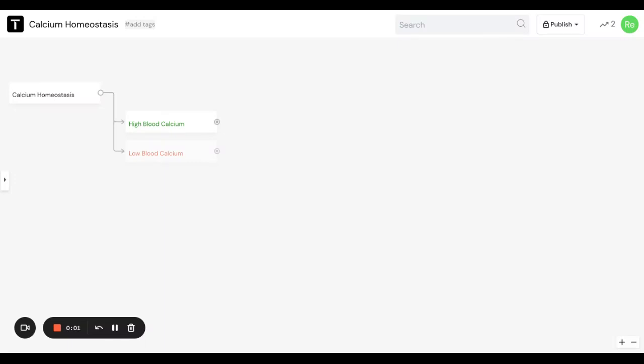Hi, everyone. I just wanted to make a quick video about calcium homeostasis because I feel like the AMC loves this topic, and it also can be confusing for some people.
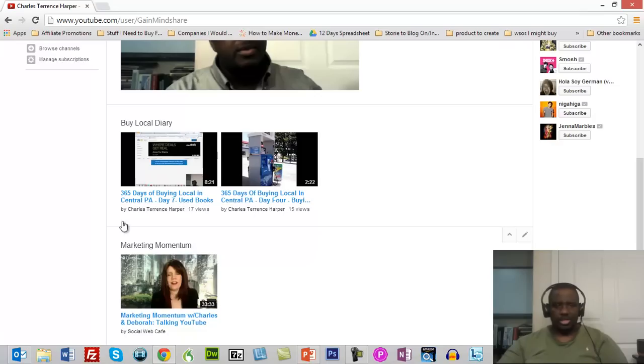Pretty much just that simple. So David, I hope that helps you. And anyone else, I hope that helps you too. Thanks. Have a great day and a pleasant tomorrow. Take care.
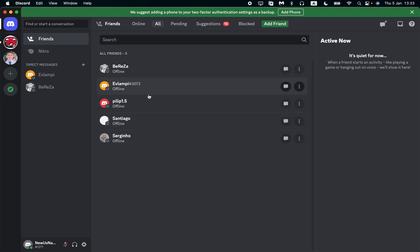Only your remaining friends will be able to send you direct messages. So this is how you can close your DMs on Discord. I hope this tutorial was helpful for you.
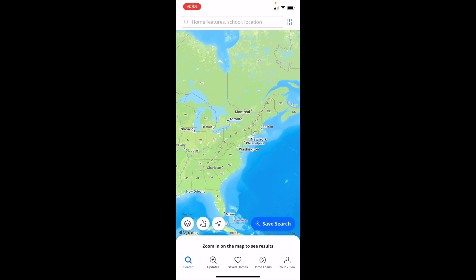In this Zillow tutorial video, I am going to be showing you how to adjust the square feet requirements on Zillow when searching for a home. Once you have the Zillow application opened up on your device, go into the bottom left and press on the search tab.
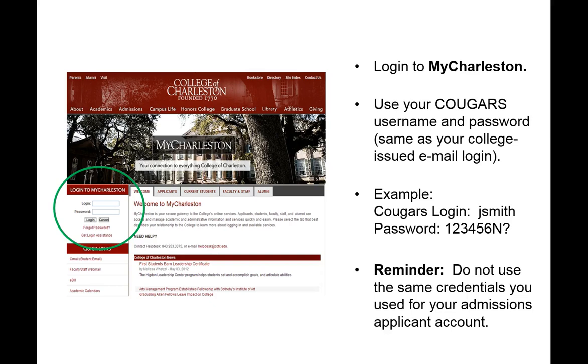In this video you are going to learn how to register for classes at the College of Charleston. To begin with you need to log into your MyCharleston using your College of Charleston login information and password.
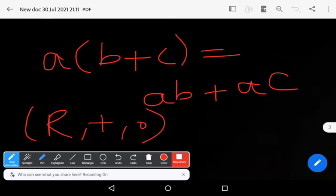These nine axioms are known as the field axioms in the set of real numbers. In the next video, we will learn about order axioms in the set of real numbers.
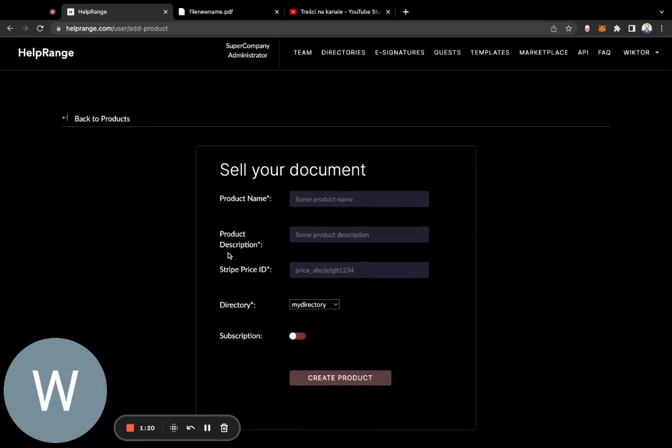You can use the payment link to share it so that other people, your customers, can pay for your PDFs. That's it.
---
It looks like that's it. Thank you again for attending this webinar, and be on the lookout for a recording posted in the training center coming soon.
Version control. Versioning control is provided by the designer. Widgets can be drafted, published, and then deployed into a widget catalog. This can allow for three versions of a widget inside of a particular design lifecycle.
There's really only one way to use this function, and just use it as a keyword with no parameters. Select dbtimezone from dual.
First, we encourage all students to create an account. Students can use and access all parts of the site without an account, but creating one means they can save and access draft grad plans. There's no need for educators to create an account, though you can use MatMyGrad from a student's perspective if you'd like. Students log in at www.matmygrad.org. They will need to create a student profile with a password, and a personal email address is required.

_What you are asked to do_
Look above for the line containing "In this video", then copy exactly from it through the line containing "You can use the", keeping both and leaving out pictures. Add nothing else.

_Answer area_
In this video you are going to learn how to register for classes at the College of Charleston. To begin with you need to log into your MyCharleston using your College of Charleston login information and password.
These nine axioms are known as the field axioms in the set of real numbers. In the next video, we will learn about order axioms in the set of real numbers.
You can use the payment link to share it so that other people, your customers, can pay for your PDFs. That's it.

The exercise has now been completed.